Beale does see a change in the repetition of the Adamic commission to the following Adam figures. First there is an expansion of the commission. “After Adam’s sin, the commission would be expanded to include renewed humanity’s reign over unregenerate human forces arrayed against it” (53). This is nowhere evident in the patriarchal period. There is a sense in which Israel as a nation defeated its enemies, but this was not a worldwide reign as was to be Adam’s. Its reign was limited to the land of promise.

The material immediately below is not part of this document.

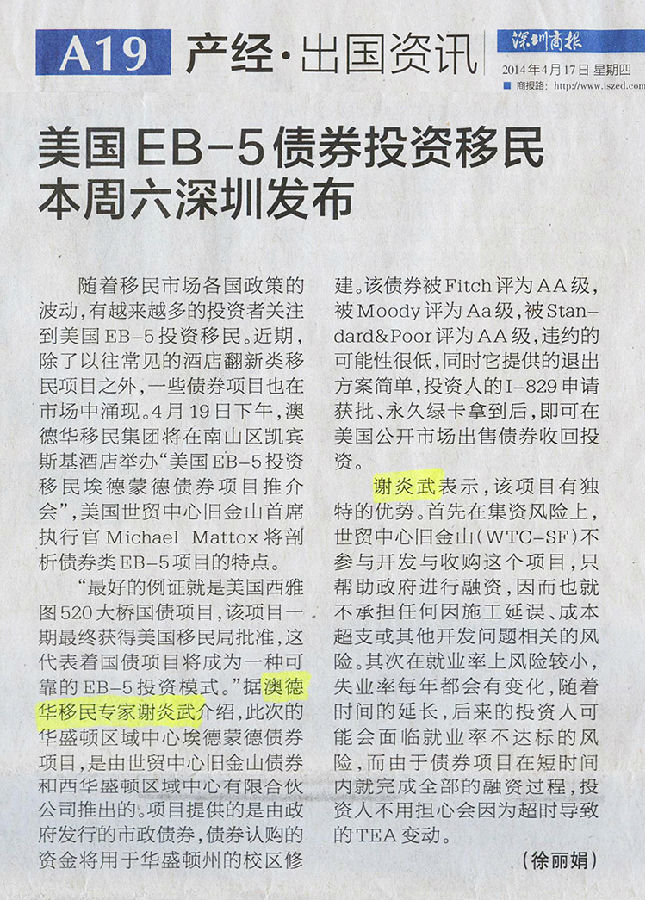 2014.04.17 《深圳商报》:美国EB-5债券投资移民本周六深圳发布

Within that reigning there was to be a witnessing aspect. “Abraham’s descendants were to be a renewed humanity. They were to bear God’s image and ‘fill the earth’ with children who also bore that image, being beacons of light to others living in spiritual darkness” (53). However, Abraham and his descendants were never told to “fill the earth,” weakening the view that the Adamic Commission was in any way passed on. There is one more difference Beale explains:

Another difference in the repetition of the Gen. 1 commission is that whereas 1:28 and Gen. 9:1, 6–7 are expressed only as commands, the restatements beginning with the patriarchs are now stated formally as a promise. Even in these reiterations, however, parts of the commission usually are retained and are explicitly reiterated in an inextricable way to the restated promise. That the aspect of the commission is retained is apparent from the imperatives introducing the commission in Gen. 12:1–3: “Go forth from your country. . . . You shall be a blessing.” Likewise, the Gen. 35:11–12 promise includes the statement with imperatives: “I am God Almighty; be fruitful and multiply.” The implication is that humanity cannot carry out this commission on its own, but God will enable humanity in some way to perform it, which he promises to do. (54)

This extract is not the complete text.